The tides were particularly large on the weekend of the 22nd February 2015, leaving Ogmore beach, where we scattered dad’s ashes in December 2013, totally different to how it had ever been before. While there has been a difference every time we have visited the beach, this was particularly striking as there were large expanses of rock instead of the usual deep layer of pebbles and rocks.
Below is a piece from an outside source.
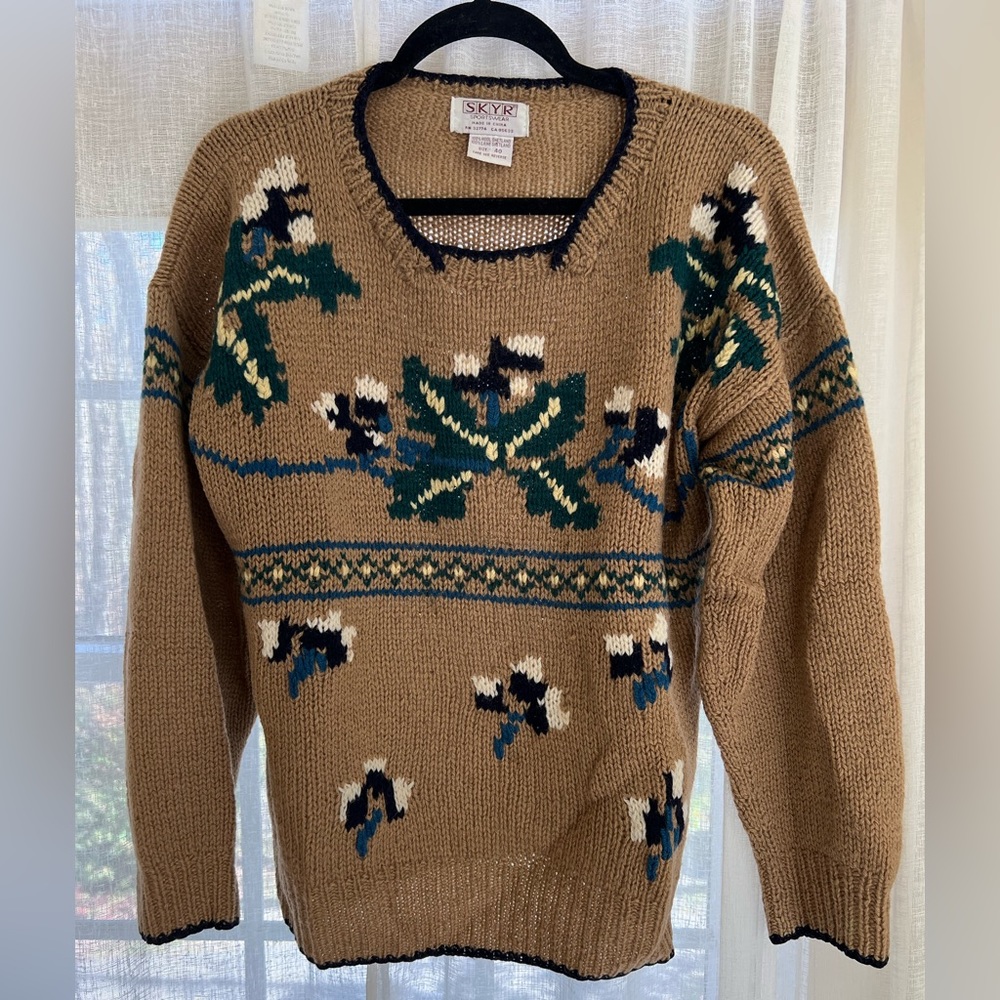Skyr wool sweater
I will post these pics one day soon!
Thanks to Jane for writing this interesting article 🙂
While we live close to the sea in South Wales, we don’t come into daily contact with it; having to make the effort to go down to the seashore outside of the city in order to enjoy it.
We are though, well aware of the fact that Spring and Autumn tides occur when the moon is closer to the Earth and also that when the moon is closer to the Equator at the same time, then the Spring tide is higher than usual.
Did you know: Tides have an 18 year cycle!
Very wet winters which see river banks in the UK full to overflowing before the Spring tides occur, leave floodplain areas, towns and villages along valley lines where the rivers tip into the sea particularly vulnerable and in December 2013 to January 2014, the results of the Spring tide were devastating to many such communities (people and wildlife), some of whom are still feeling the effects.
While it might seem like stating the obvious to the surfers and sea-dwellers, I hadn’t really made the connection between the weather and the Spring Tide until late February this year when we happened to find ourselves spending a few days away at a beautiful shoreline hotel in Dorset.
The weather was filthy from the 20th onwards and we didn’t set much hope for being able to even stand on our harbour view balcony when we arrived on the Sunday, let alone to study the tides but happily this part of the UK is better sheltered and by Monday morning we could nip outside to look at least!
What made it noticeable were two things – this is a huge estuary with a chain ferry which is anchored to the route across to stop it drifting off in the very strong currents and the numerous buoys.
While low tide didn’t look especially low, it was after the Spring tide that we could see that during the phenomena hardly any of the height of the buoys could be seen they were now almost completely exposed and that the chain on the ferry which before we could only hear paying out at the shoreline we could now actually see!
Gumby had an ambition which he sadly didn’t fulfil, to surf the river Severn Spring bore which ends in the Bristol Channel.
This is an annual event during Spring and Autumn which surfers and more recently kayakers, seem to get a big buzz out of, This year was no exception!